Everyone’s favorite analyst Gene Munster can’t be accused of not doing due diligence. In order to see if Siri stands up to a manually entered Google search, he (or his staff) asked Siri 1600 questions — half on a busy street, half in a hotel room. In a note to clients, here are the results, courtesy of CNNMoney:
- Google understands 100% of the questions (not surprisingly, since they are keyed in)
- Google replies accurately 86% of the time
- Siri comprehends 83% of queries in noisy conditions, 89% in a quiet room
- Siri answers accurately 62% of the time on the street and 68% in a quiet room.
Munster pegs Siri as around two years behind Google, and wrote ”in order to become a viable mobile search alternative, Siri must match or surpass Google’s accuracy of B+ and move from a grade D to a B or higher.”
You can see some of the errors that Siri hit in the link above.
I do have some issues with the basic assumptions in this test. For one, Siri is still beta software. Now, I’m not entirely sure that Apple should have released beta software that widely anyway, but as they have, you can’t use Siri expecting it to work properly when you know it isn’t finished.

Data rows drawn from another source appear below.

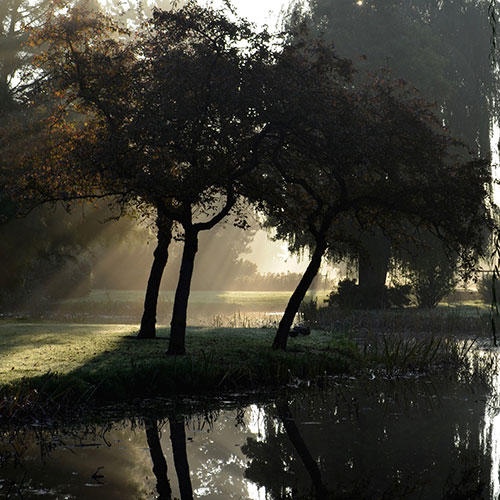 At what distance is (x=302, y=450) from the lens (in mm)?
9312

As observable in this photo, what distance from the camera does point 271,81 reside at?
14.2 meters

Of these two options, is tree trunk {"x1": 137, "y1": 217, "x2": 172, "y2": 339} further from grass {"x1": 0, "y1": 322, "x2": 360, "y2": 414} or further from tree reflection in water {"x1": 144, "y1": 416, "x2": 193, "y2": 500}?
tree reflection in water {"x1": 144, "y1": 416, "x2": 193, "y2": 500}

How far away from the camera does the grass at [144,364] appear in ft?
39.0

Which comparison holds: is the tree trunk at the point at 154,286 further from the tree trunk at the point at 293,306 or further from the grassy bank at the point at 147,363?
the tree trunk at the point at 293,306

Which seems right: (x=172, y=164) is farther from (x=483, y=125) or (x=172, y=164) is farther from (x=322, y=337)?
(x=483, y=125)

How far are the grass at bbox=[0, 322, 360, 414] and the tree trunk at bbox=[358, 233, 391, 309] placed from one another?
14.4 meters

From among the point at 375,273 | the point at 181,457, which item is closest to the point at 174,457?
the point at 181,457

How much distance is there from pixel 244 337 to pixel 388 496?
11.8 metres

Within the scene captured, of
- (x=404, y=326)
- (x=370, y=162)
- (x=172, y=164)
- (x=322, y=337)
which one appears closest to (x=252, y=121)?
(x=172, y=164)

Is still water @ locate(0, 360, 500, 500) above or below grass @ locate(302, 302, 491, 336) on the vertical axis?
below

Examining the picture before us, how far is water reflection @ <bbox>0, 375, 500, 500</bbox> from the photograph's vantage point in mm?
7539

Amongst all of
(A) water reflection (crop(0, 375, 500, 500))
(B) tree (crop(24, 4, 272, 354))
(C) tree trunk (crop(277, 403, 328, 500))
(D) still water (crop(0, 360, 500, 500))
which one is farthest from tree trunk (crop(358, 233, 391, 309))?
(C) tree trunk (crop(277, 403, 328, 500))

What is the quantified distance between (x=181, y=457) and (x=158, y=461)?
13.5 inches

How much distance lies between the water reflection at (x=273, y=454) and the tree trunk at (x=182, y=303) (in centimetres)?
340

Also, they compared it to manually written Google searches? Of course it’ll be less accurate — wouldn’t it be a far more relevant comparison to pit it against a voice-based search tool from Android? See how that stacks up?

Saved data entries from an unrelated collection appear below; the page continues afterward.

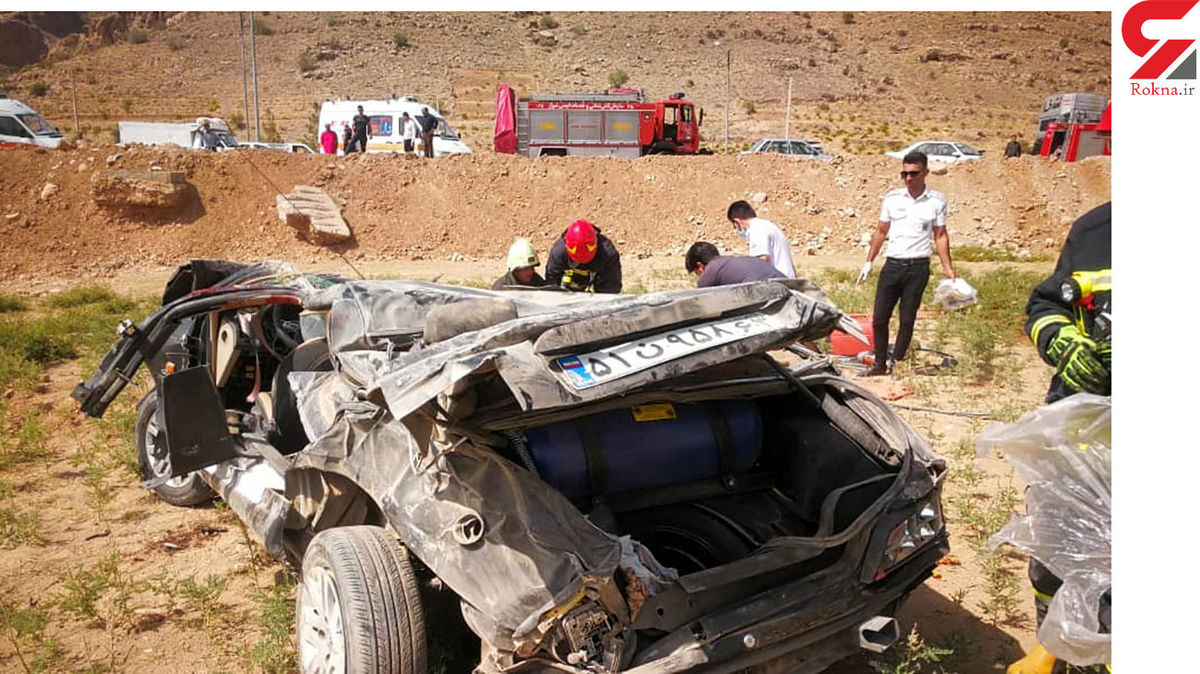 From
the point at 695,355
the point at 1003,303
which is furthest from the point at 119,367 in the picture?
the point at 1003,303

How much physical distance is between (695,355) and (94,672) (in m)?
2.61

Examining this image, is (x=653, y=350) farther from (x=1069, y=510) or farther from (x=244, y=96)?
(x=244, y=96)

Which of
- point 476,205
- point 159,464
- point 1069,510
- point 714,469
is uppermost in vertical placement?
point 476,205

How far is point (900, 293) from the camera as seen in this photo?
728cm

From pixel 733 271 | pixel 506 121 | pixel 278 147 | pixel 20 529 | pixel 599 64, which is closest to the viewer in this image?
pixel 20 529

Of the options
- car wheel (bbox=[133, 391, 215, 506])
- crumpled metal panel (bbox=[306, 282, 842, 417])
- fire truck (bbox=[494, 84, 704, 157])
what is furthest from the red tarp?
crumpled metal panel (bbox=[306, 282, 842, 417])

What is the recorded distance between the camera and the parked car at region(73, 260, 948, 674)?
234cm

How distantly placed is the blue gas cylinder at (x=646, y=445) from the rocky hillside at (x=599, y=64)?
1626 inches

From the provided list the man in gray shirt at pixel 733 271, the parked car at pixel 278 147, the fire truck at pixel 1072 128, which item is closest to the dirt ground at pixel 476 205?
the parked car at pixel 278 147

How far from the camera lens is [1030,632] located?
3619mm

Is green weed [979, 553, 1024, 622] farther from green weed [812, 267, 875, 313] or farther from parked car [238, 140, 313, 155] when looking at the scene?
parked car [238, 140, 313, 155]

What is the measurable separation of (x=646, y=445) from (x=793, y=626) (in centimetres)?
76

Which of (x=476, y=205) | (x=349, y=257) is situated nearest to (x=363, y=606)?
(x=349, y=257)

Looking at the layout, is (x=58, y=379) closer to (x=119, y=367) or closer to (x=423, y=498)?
(x=119, y=367)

Wow. Thats pretty bad considering Siri is supposed to be a big deal. I never use Siri and dont consider it to be a feature. Maybe in iOS6.
To me, Siri is too frustrating to be anything other than a parlor gag type novelty at this point. I gave up on her some time back.
Siri is in beta so it is what it is. I really don’t use Siri a lot but I hear some car manufactures are having Siri installed in their cars.